Your instructions –
Starting at the line that contains "Roberts, WI 54023", write out each line exactly through the last one in the material below, and nothing more; omit all pictures.

Data supplied –
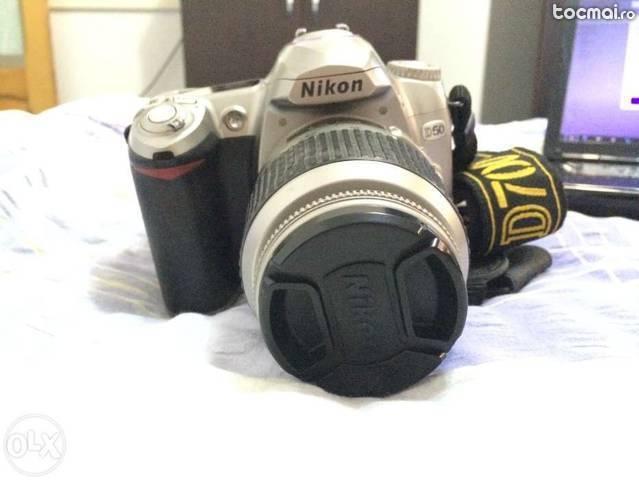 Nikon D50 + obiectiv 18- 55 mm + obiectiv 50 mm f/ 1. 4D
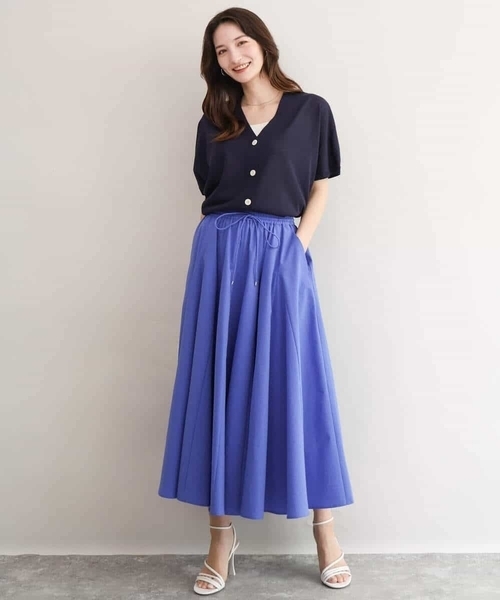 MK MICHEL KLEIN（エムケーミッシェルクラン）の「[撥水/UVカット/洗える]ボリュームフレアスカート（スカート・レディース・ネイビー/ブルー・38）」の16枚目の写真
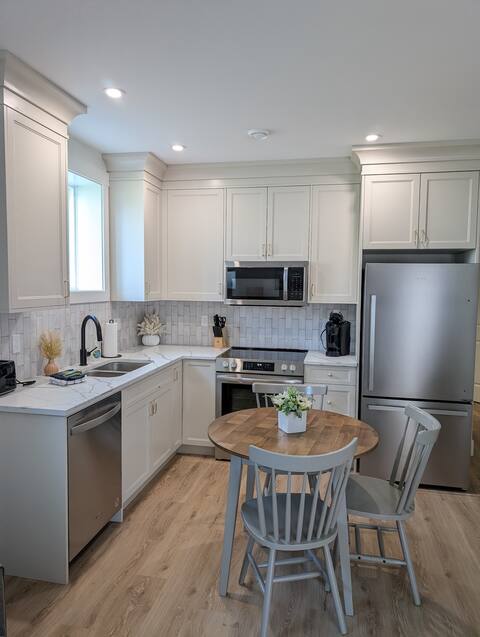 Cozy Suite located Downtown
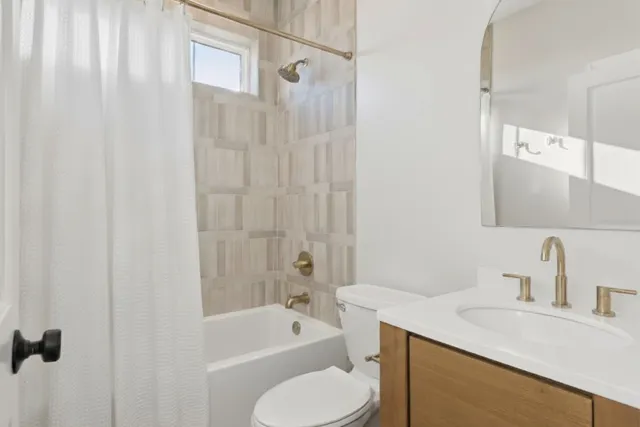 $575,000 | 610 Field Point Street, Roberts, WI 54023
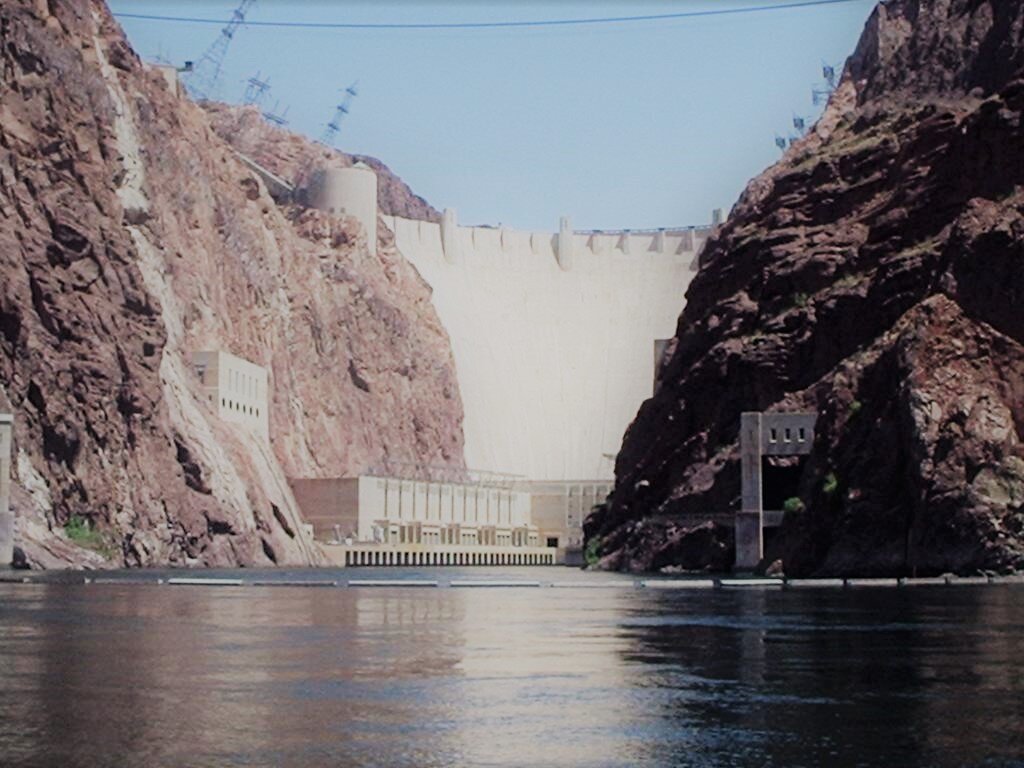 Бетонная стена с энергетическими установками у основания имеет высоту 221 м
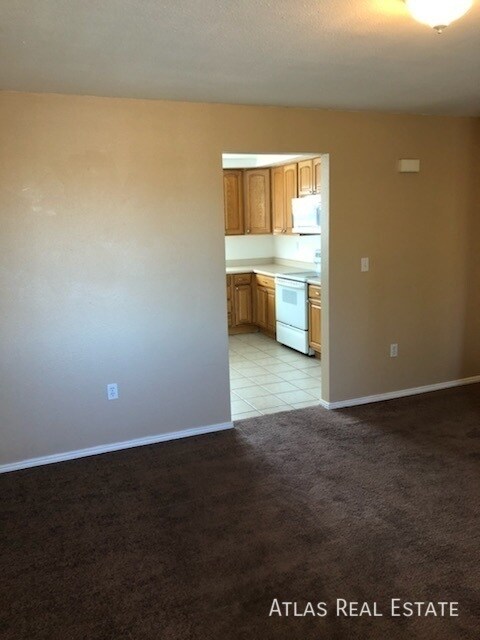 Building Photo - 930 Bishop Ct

Written response –
 $575,000 | 610 Field Point Street, Roberts, WI 54023
 Бетонная стена с энергетическими установками у основания имеет высоту 221 м
 Building Photo - 930 Bishop Ct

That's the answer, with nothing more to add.